_What is expected:_ Pictures stay out of the copy, and everything else in the data below is repeated exactly.

_Data:_
+ + +

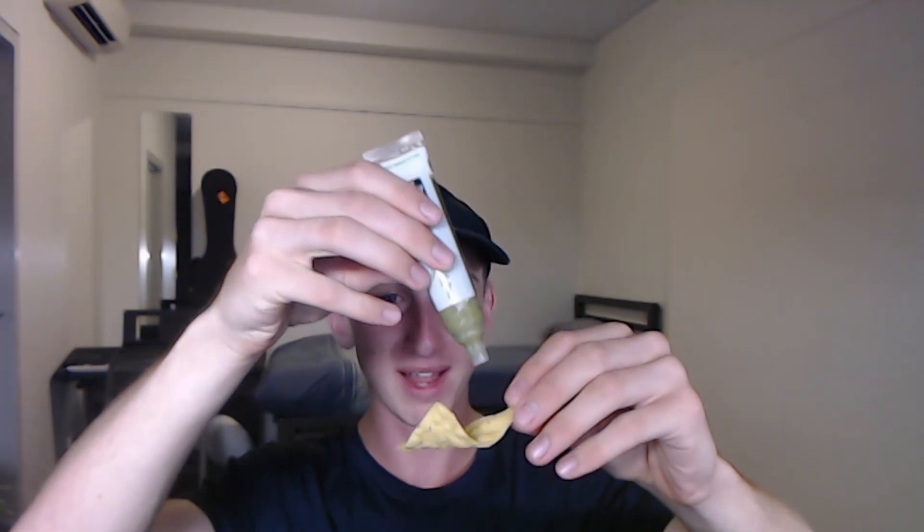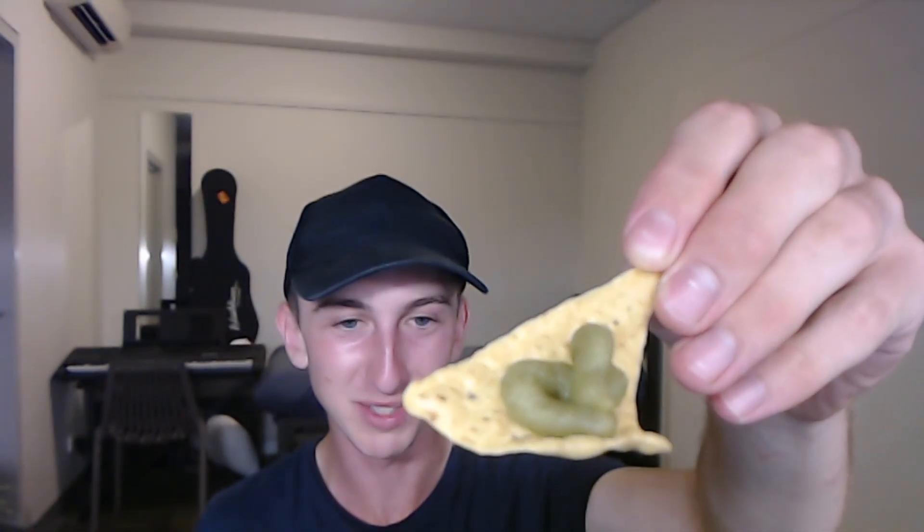We're just gonna slather it on — just a nice small amount, I believe. Beautiful! We've got about a small amount on. No, that's pretty good wasabi, eh? Why do I do this to myself? I have no idea.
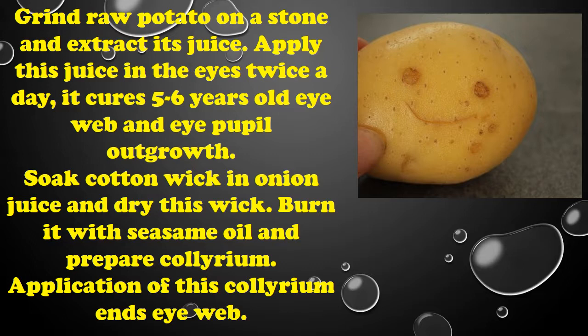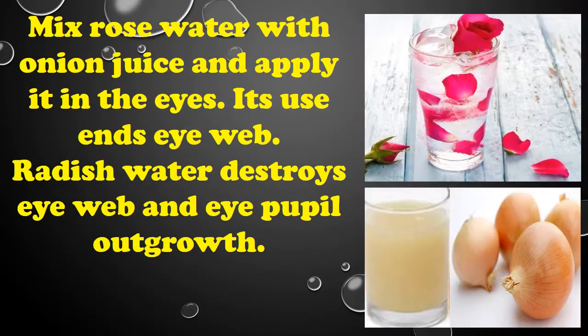Soak a cotton wick in onion juice and dry the wick. Burn it with seasoning oil and prepare collyrium. Application of this collyrium cures eye web. Also, mix rose water with onion juice and apply it in the eyes — it also cures eye web.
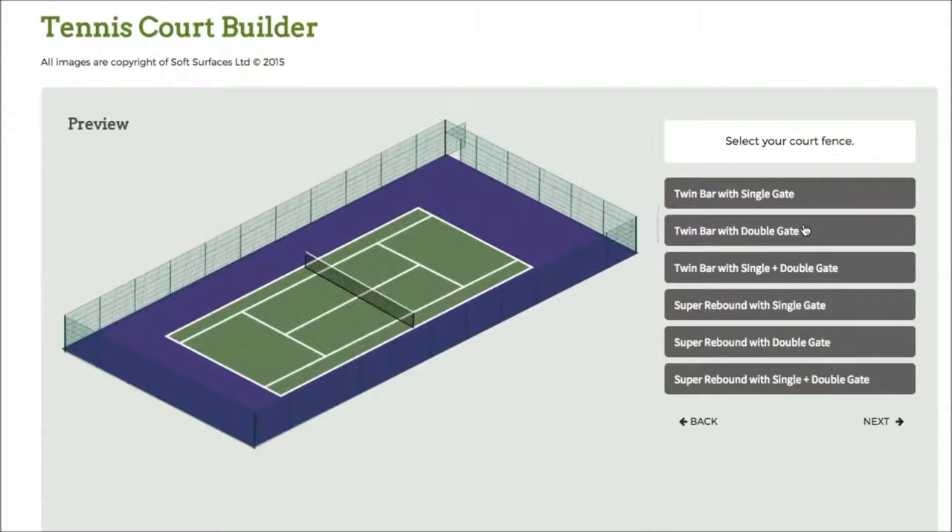Then I've got the fencing here, so I can choose twin bar with double gate, twin bar with a single plus double gate, and I can just go on and choose what kind of fencing I'd like. So we'll go for this one.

+ + +

_Result below:_
We're just gonna slather it on — just a nice small amount, I believe. Beautiful! We've got about a small amount on. No, that's pretty good wasabi, eh? Why do I do this to myself? I have no idea.
Soak a cotton wick in onion juice and dry the wick. Burn it with seasoning oil and prepare collyrium. Application of this collyrium cures eye web. Also, mix rose water with onion juice and apply it in the eyes — it also cures eye web.
Then I've got the fencing here, so I can choose twin bar with double gate, twin bar with a single plus double gate, and I can just go on and choose what kind of fencing I'd like. So we'll go for this one.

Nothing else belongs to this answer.